Nephrol Dial Transplant (2001) 16: 276-285
© 2001 European Renal Association-European Dialysis and Transplant Association
Circulating soluble adhesion molecules in ANCA-associated vasculitis
1 Nephrology Service 2 Biostatistical and Epidemiological Unit and 3 Autoimmune diseases Unit, Hospital Clínic, Universitat de Barcelona, Institut d'Investigacions Biomèdiques August Pi i Sunyer, Barcelona, Spain
Background. To evaluate whether changes in concentrations of soluble (s) E-selectin, sP-selectin, sL-selectin, intercellular adhesion molecule 1 (sICAM-1), and vascular cell adhesion molecule 1 (sVCAM-1) reflect disease activity in patients with ANCA-associated vasculitis and whether serum levels of these adhesion molecules are related to the degree of renal failure in patients with chronic renal failure (CRF).

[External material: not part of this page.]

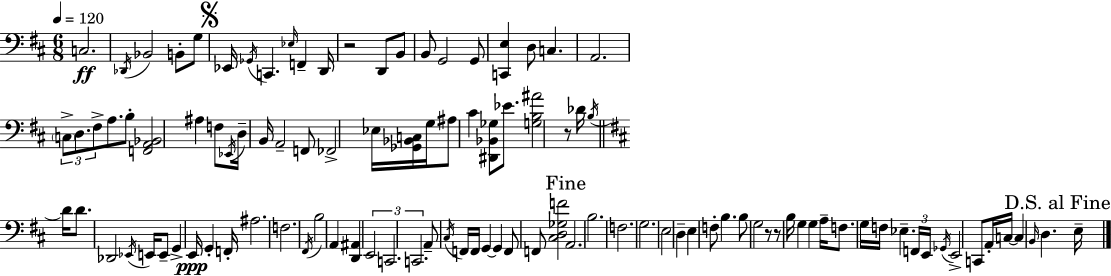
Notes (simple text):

C3/h. Db2/s Bb2/h B2/e G3/e Eb2/s Gb2/s C2/q. Eb3/s F2/q D2/s R/h D2/e B2/e B2/e G2/h G2/e [C2,E3]/q D3/e C3/q. A2/h. C3/e D3/e. F#3/e A3/e. B3/e [F2,A2,Bb2]/h A#3/q F3/e Eb2/s D3/s B2/s A2/h F2/e FES2/h Eb3/s [Gb2,Bb2,C3]/s G3/s A#3/e C#4/q [D#2,Bb2,Gb3]/e Eb4/e. [G3,B3,A#4]/h R/e Db4/s B3/s D4/s D4/e. Db2/h Eb2/s E2/s E2/e G2/q E2/s G2/q F2/s A#3/h. F3/h. F#2/s B3/h A2/q [D2,A#2]/q E2/h C2/h. C2/h. A2/e C#3/s F2/s F2/s G2/q G2/q F2/e F2/e [C#3,D3,Gb3,F4]/h A2/h. B3/h. F3/h. G3/h. E3/h D3/q E3/q F3/e B3/q. B3/e G3/h R/e R/e B3/s G3/q G3/q A3/s F3/e. G3/s F3/s Eb3/q. F2/s E2/s Gb2/s E2/h C2/e A2/s C3/s C3/q B2/s D3/q. E3/s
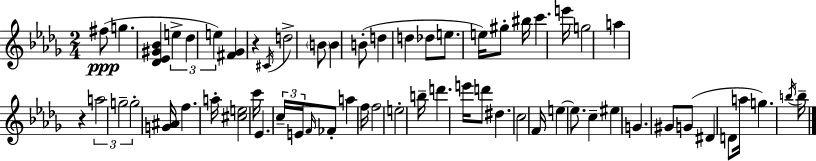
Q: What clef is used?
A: treble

Subjects and methods. A sandwich ELISA was used to measure these soluble adhesion molecules in (i) sera from 20 patients with antineutrophil cytoplasmic antibody (ANCA)-associated vasculitis (10 patients with Wegener's granulomatosis (WG) and 10 patients with microscopic polyangiitis (MPA)), obtained at the time of diagnosis and during the remission period; (ii) sera from 40 patients with CRF not undergoing haemodialysis.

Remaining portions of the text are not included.